▸ **Activity**:
Please return exactly the lines from the beginning of the listing up to and including the line with "News Journal topic", with no pictures.

▸ **Provided entries**:
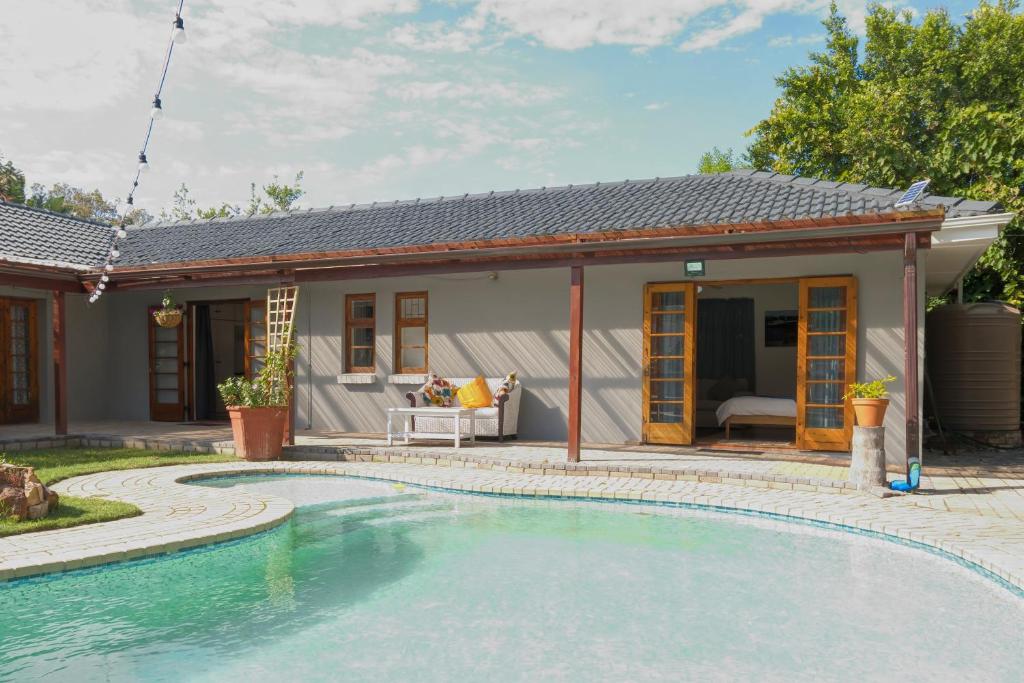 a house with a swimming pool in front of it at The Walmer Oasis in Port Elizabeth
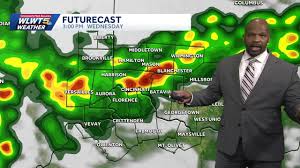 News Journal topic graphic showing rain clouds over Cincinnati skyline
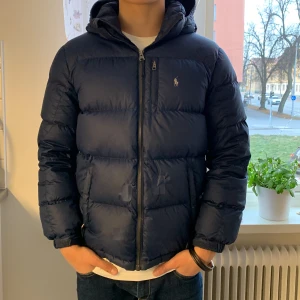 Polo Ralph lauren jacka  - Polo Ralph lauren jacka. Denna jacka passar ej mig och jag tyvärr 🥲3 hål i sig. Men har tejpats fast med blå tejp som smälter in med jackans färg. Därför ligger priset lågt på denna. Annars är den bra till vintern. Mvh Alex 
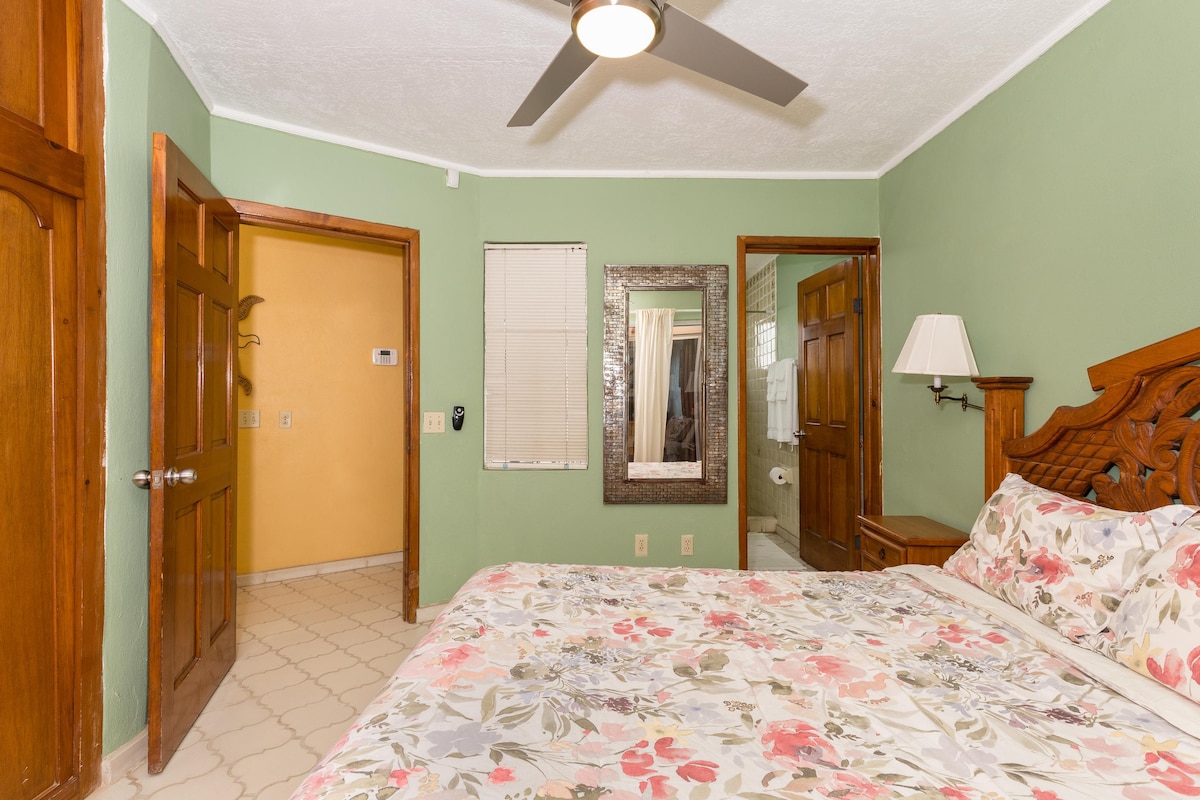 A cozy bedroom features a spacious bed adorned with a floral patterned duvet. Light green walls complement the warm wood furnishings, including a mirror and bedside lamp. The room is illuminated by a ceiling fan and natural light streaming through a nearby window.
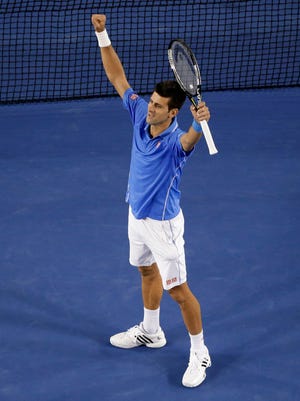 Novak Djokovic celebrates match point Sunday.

▸ **Answer for the task**:
 a house with a swimming pool in front of it at The Walmer Oasis in Port Elizabeth
 News Journal topic graphic showing rain clouds over Cincinnati skyline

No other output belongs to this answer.